لَوْ كُناَّ نَسْمَعُ ماَ كُناَّ كَذَلِكَ. |
Eğer dinliyor olsaydık bu şekilde olmazdık. |
لَوِ اجْتَهَدْتَ لَمْ تَنْدَمْ. |
Çalışsaydın pişman olmazdın. |
Bu tip cümleleri anlamak fazla alıştırma ile zamanla kolaylaşacaktır.
*لَو in başında vâv olursa cevap cümlesi istemez. وَلَوْ …-se de, -sa da, -se bile, -sa bile, -öyle olsa da anlamlarına gelir:
سَأُساَفِرُ إِلَى إِزْمِيرَ وَلَوْ كاَنَتْ بَعِيدَةً. |
Uzak olsa da İzmir’e gideceğim |
لَوْلاَ: olmamış olsa, olmasaydı, -meseydi, -eğer manalarına gelir. Genellikle cevabın başında cevap lâmı bulunur.
لَوْلاَ مُحَمَّدٌ لَماَ نَجَحَ خاَلِدٌ. |
Muhammed olmasaydı Halit başarmazdı. |
لَوْلاَكَ لَوْلاَكَ لَماَ خَلَقْتُ الْأَفْلاَكَ. |
Sen olmasaydın sen olmasaydın alemleri yaratmazdım[2]. |
ثُمَّ تَوَلَّيْتُم[3] مِنْ بَعْدِ ذَلِكَ فَلَوْلاَ فَضْلُ اللَّهِ عَلَيْكُمْ وَرَحْمَتُهُ لَكُنْتُمْ مِنَ الْخَاسِرِينَ. Ondan sonra sözünüzden dönmüştünüz. Eğer sizin üzerinizde Allah’ın ihsanı ve rahmeti olmasaydı, muhakkak zarara uğrayanlardan olurdunuz (Bakara, 64). |
لَوْماَ cezmetmeyen şart edatı olarak لَوْلاَ ile aynı manadadır:
لَوْماَ أَخِي لَضَرَبْتُهُ. |
Kardeşim olmasaydı onu döverdim. |
لَماَّ :..dığında, -dığı zaman, -dığı vakit, -ınca,-ince manalarına gelir. Cümleye muzâf olan zarflardan ve şart edatlarındandır. Şart ve cevabı daima mâzî olur.

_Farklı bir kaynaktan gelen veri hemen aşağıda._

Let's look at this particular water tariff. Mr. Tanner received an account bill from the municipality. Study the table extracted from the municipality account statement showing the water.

لَماَّ nın bulunduğu şart cümlesi bazen cümlenin sonunda da gelebilir.
أَخَذَتْ فاَطِمَةُ الْكِتاَبَ لَماَّ ذَهَبَتْ اِلىَ الْمَكْتَبَةِ. Kütüphaneye gidince Fâtıma kitabı aldı. |
لَماَّ nın mâzî fiilden önce gelirse zarf ve şart edatı, muzâriden önce gelirse muzâriyi cezmeden edat (cahd-ı müstağrak) olduğu unutulmamalıdır:
لَماَّ يَرْجِعْ واَلِدِي مِنَ السَّفَرِ. |
Babam henüz yolculuktan dönmedi. |
Not: (لَماَّ) (إِلاَّ) manasında istisnâ harfi de olur.

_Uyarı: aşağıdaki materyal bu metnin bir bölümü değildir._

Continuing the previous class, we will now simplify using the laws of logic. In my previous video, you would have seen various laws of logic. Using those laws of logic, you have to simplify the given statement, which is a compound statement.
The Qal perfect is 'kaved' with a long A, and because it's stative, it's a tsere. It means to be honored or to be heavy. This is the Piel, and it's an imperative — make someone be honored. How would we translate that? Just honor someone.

إِنْ كُلُّ نَفْسٍ لَماَّ عَلَيْهاَ حاَفِظٌ. Hiçbir can yoktur ki başında gözetici bulunmasın (Târık, 4) . |
CÜMLEYE MUZÂF OLAN VE ŞART İFADE EDEN BAZI ZARFLAR
إِذاَ : ..dığı zaman, -dığı vakit, -ınca, -dığında, -ken, ise, -se, -sa manalarına gelir.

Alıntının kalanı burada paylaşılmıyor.